Küreselleşme süreci, yoğunlaşan iletişim ve ulaşım ağları ve buna bağlı olarak insanların, malların ve bilginin sınır ötesi hareketliliği kentleri yeni sistemin kilit noktaları haline getirdi. Bu durum kentlerin ekonomik ve politik ilişkilerde öne çıkmasına neden oldu. Ekonomik açıdan bakıldığında çeperindeki kırsalı da yutacak biçimde genişleyen kentler bir taraftan yeni bir kır kent uzamı inşa ederken, diğer taraftan sermaye yoğunlaşmasının ve bunu besleyen emek sömürüsünün de merkezi haline geldi. Dolayısıyla küresel ekonominin sonucu olan eşitsizlik, yoksulluk ve ekolojik bozulma gibi sorunlar da kentlerde yoğunlaşmış durumda. Politik açıdan bakıldığındaysa yerel yönetimler çok yönlü baskılarla karşı karşıya. Yerel yönetimler bir taraftan kendilerini değişen piyasa koşullarına göre konumlandırmak durumunda. Kentsel kimlik inşası, marka kent olma ve küresel kent kategorisine uygun bir sosyo-kültürel zemin yaratma çabası bu piyasa boyutunun bir yansıması. Diğer taraftan yerel yönetimler, devletin özellikle sosyal politika ve bölüşüm alanındaki zaaflarına alternatif olarak da yerelde hizmet üretmek zorunda. Ulus-devletin krizine yönelik tartışmalarda iki alternatif öne çıkıyor, bunlardan biri küresel yönetişim diğeri ise merkezsizleşme ve yerinden yönetimin güçlendirilmesi. Mevcut küresel eşitsizlikler ve politik çatışmalar dikkate alındığında ikinci seçenek daha olası görülüyor ve bu da yerel yönetimler üzerindeki baskıyı artırıyor. Bu ekonomik ve politik dönüşümlerin ötesinde bir de yerelden gelen talepler, kent hakkı ve kent yurttaşlığı temelinde ortaya çıkan mücadeleler söz konusu.

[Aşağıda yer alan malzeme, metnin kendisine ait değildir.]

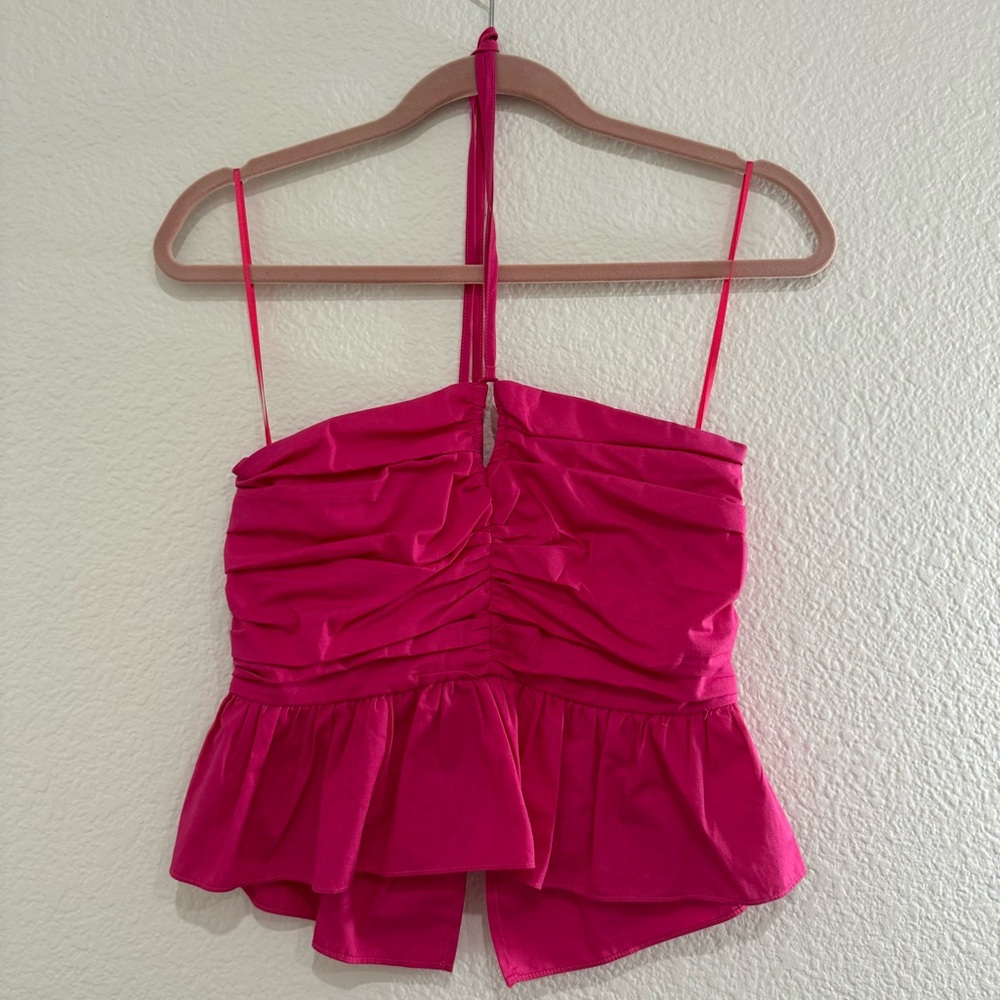 Pink Halter Top size XS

Kentleşme sürecini modernleşmenin ya da kalkınmanın doğal bir sonucu, ilerlemeci bir örgütlenme biçimi olarak idealize etmeden önce kent hayatını, kentli insanın durumunu ve kentin türlü çelişkileri barındıran dinamiklerini anlamak gerek. Kent mekânsal bir kategori ya da idari bir birim olmasının ötesinde bir toplumsal alan olarak düşünüldüğünde yatay ve dikey olarak farklılaşmış kategorilerden ve katmanlardan oluşur. Bu kategori ve katmanların her biri kendi içinde de çeşitlilik gösteren toplumsal birimleri içerir. Ancak en önemlisi bütün bunların her zaman bir yapbozun parçaları, mozayiğin kareleri ya da gökkuşağının renkleri gibi bir bütüne denk düşmemesi, derin çatışmalar, çelişkiler içermesi ve kaotik bir yapıda seyretmesidir. Buradan bir model, tipoloji ya da net bir sınıflandırma çıkarmak ve genelleme yapmak oldukça zordur. Ama bugün kentsel çatışmayı çözümlemeye yarayacak bir takım ana hatlar izlemek mümkün.

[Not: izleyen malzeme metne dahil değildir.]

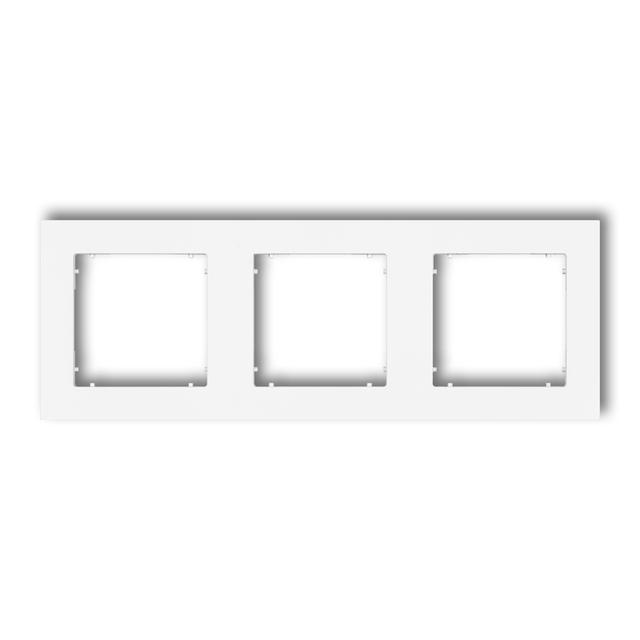 MINI Ramka uniwersalna potrójna z tworzywa biała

KENTTE KİM NE İÇİN MÜCADELE EDİYOR?
Kent yaşamını karakterize eden en önemli mücadele sınıf temelli mücadele olmaya devam ediyor. Bugün bu mücadeleyi karmaşıklaştıran gelişmeleri iki hatta izlemek mümkün. Bir tarafta büyük sermaye, çok uluslu şirketler ve özellikle büyük şehirlerde rant ekonomisinin etkisi yalnızca emekçi kesimleri değil, daha yerel üretim yapan küçük ve orta boy işletmeleri, aile şirketlerini ve küçük üreticilerin piyasadaki yerini tehdit ediyor. Diğer taraftan iç göç ve mülteci akını da kentte gözlemlenen sınıf dinamiklerini, kentteki iş bölümünü dönüştürüyor. Dolayısıyla sınıf mücadelesi, sermaye-emek ikiliğinin ötesinde, her iki sınıfın da kendi içinde mücadeleler barındırdığı bir yapıya evrilmiş durumda.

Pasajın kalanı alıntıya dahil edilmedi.